Homo Religiosus?: Exploring the Roots of Religion and Religious Freedom in Human Experience

In 2018, Cambridge University Press will release Homo Religiosus?: Exploring the Roots of Religion and Religious Freedom in Human Experience, edited by Timothy Samuel Shah and Jack Friedman.  Shah is Research Professor of Government at Baylor University's Institute for Studies of Religion. He is also Director for International Research at the Religious Freedom Research Project at Georgetown University's Berkley Center for Religion, Peace and World Affairs and Senior Director of the South and Southeast Asia Action Team with the Religious Freedom Institute. Jack Friedman is pursuing his Ph.D. in political science at the University of Maryland. He is a former project manager at Baylor University's Institute for Studies of Religion, and a former research assistant for the Religious Freedom Research Project at Georgetown University's Berkley Center for Religion, Peace, and World Affairs. He is also co-editor of Religious Freedom and Gay Rights: Emerging Conflicts in the United States and Europe (2016).

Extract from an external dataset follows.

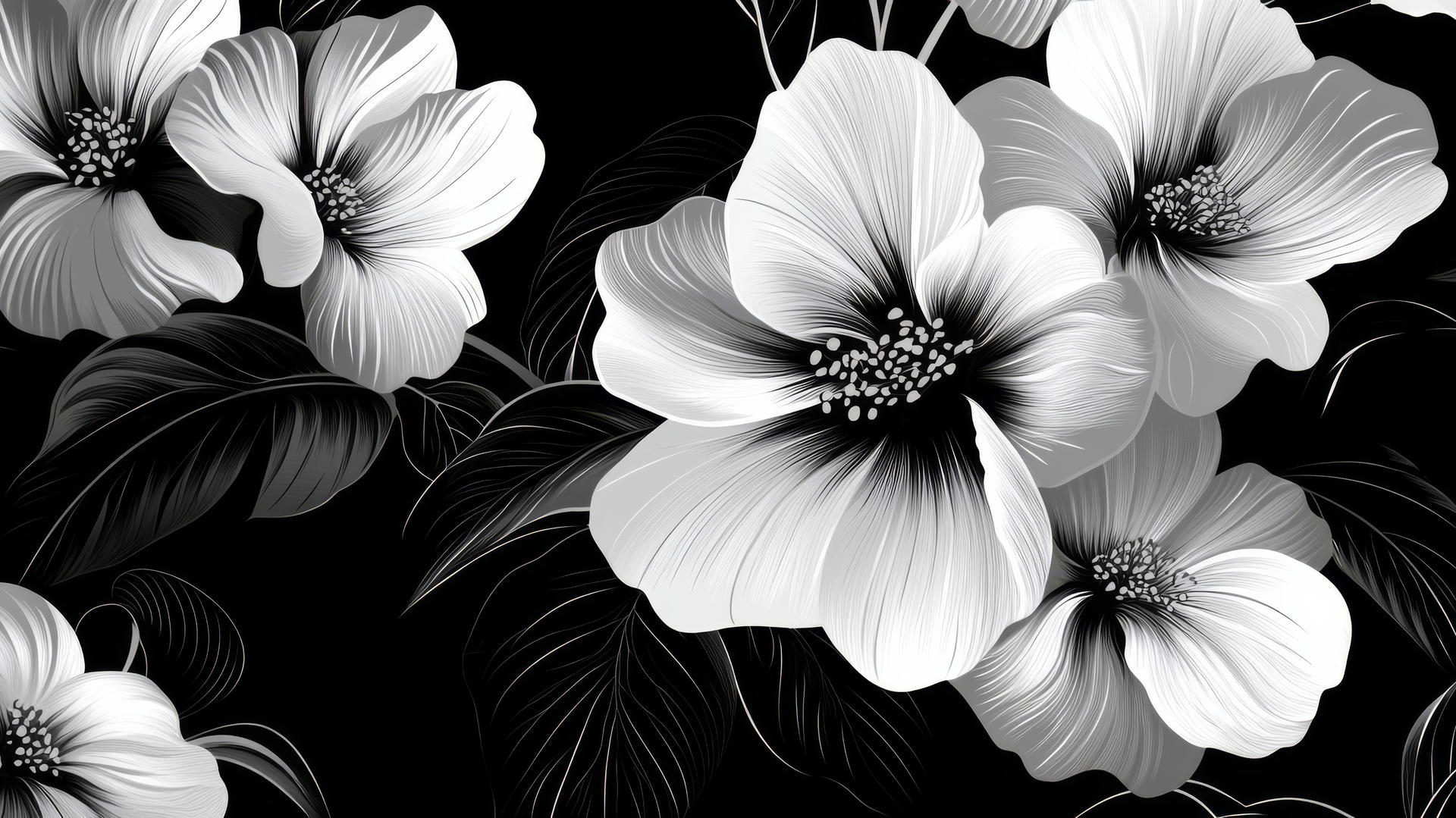 black and white floral wallpaper with geometric shapes and bold contrasts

From the publisher's description of Homo Religiosus?
Are humans naturally predisposed to religion and supernatural beliefs? If so, does this naturalness provide a moral foundation for religious freedom? This volume offers a cross-disciplinary approach to these questions, engaging in a range of contemporary debates at the intersection of religion, cognitive science, sociology, anthropology, political science, epistemology, and moral philosophy. The contributors to this original and important volume present individual, sometimes opposing points of view on the naturalness of religion thesis and its implications for religious freedom. Topics include the epistemological foundations of religion, the relationship between religion and health, and a discussion of the philosophical foundations of religious freedom as a natural, universal right, drawing implications for the normative role of religion in public life. By challenging dominant intellectual paradigms, such as the secularization thesis and the Enlightenment view of religion, the volume opens the door to a powerful and provocative reconceptualization of religious freedom.
  • Features chapters by authors presenting opposing viewpoints on the 'naturalness' of religion, the rationality of materialism, the relationship between religion and health, and the implications of scientific views of religion for religious freedom rights. 
  • Examines the centrality of religion to human experience through multiple disciplinary perspectives, including cognitive and evolutionary science, anthropology, sociology, political theory, and epistemology.
  • Discusses the political implications of the centrality and naturalness of religion to human experience, with particular reference both to early Enlightenment critics of religion and to modern 'anti-essentialist' critics of the conceptual frameworks of religion and religious freedom.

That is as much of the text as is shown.